As bombas de Boston tiveram contudo uma consequência numa lógica perversa que se vem desenhando desde o 11 de Setembro: a tolerância e convivência entre comunidades e credos sofreu mais um rombo. As vitórias insidiosas que o terrorismo vem alcançando são precisamente nos princípios que se esperariam estimados e consagrados na Declaração Universal de Direitos Humanos. Desde que as Torres Gémeas, em Nova Iorque, se tornaram um símbolo do poder terrorista temos assistido a uma consentida e até apoiada degradação de princípios gerais e elementares do Direito. O terrorismo vence insidiosamente quando as pessoas toleram, aceitam, apoiam restrições à liberdade de informação – oficiais ou não – intolerância inter-comunitária, negação de presunção de inocência, privação de liberdade sem culpa formada, tortura, etc.

O verdadeiro terror psicológico infundido pelos actos de violência indiscriminada levam muitos a prescindir de princípios teoricamente inabaláveis e pelos quais lutaram gerações e se travaram guerras.

A forma como alguns “media” mais conservadores se apoderaram, na década de 60 e 70 do século passado, da terminologia do poder abriu as portas a uma confusão inaceitável. Os movimentos de libertação que desde essa altura lutaram à margem dos confrontos tradicionais (caso da OLP) ou na guerrilha (de Chipre, onde foram executados pela forca dezenas de combatentes, a Angola) foram facilmente qualificados como terroristas. Agora o mesmo termo se aplica a radicais islâmicos e até a criminosos como os de Boston. Ora é importante ter presente que existe uma diferença fundamental entre os primeiros e os últimos, afinal a radicalização conservadora dos termos levou a uma perigosa confusão. Uns lutavam pela liberdade a independência, valores consagrados internacionalmente.
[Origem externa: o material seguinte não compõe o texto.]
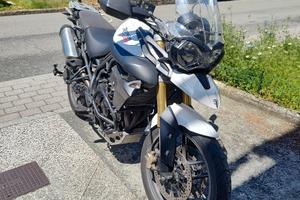 Triumph Tiger 800
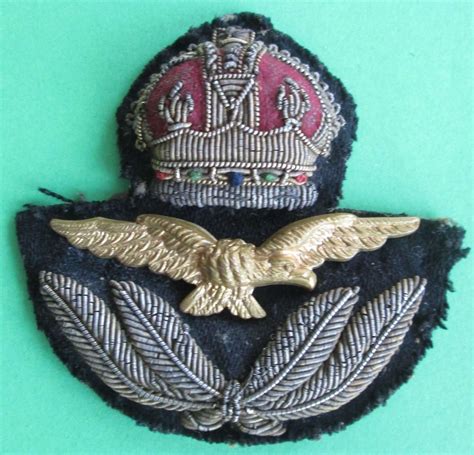 WWII ROYAL AIR FORCE OFFICER'S BADGE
Os outros apenas levam os cidadãos a destruir ou deixar que se destruam as liberdades e os direitos adquiridos ao longo de mais de meio século.

Para além do Direito o terrorismo tem conseguido de facto uma outra vitória dentro das sociedades. A sua identificação árabe, muçulmana e/ou islâmica está a estigmatizar comunidades pela sua origem e/ou prática religiosa. Não se trata de uma “guerra santa” de cristãos contra muçulmanos ou vice-versa, conforme o ambiente maioritário, trata-se da instalação inconsciente do medo e ódio decorrentes de actos criminosos indiscriminados.

A luta contra este terrorismo não está apenas nas mãos do Poder. O Cidadão enquanto comunidade tem de assumir essa guerra e não permitir que o seu património moral seja delapidado.

A continuarem estas vitórias insidiosas ir-se-ão acentuando os actos discriminatórios raciais e a estigmatização religiosa; a Imprensa perderá a sua objectividade abrindo as portas ao discurso do poder, em especial a televisão.

A informação/espectáculo, tanto do agrado das televisões, é uma arma que os terroristas, e sobretudo os seus mentores, sabem aproveitar a seu favor. Boletins informativos directos dos acontecimentos transformaram a informação em espectáculo. Do outro lado do ecrã, em doentio encantamento, o espectador “vive” o que são os verdadeiros momentos de glória do acto de terror. No dia seguinte o cidadão está pronto para aceitar ou votar medidas que limitam os seus direitos preparado para olhar com desconfiança para outras raças e credos. Esta é a verdadeira forma de cercear as vitórias insidiosas do terrorismo. Vitórias bem mais perigosas que o acto criminoso.

O acto criminoso extingue-se com a acção; as vitórias insidiosas têm efeitos de médio prazo que perduram a muito longo prazo.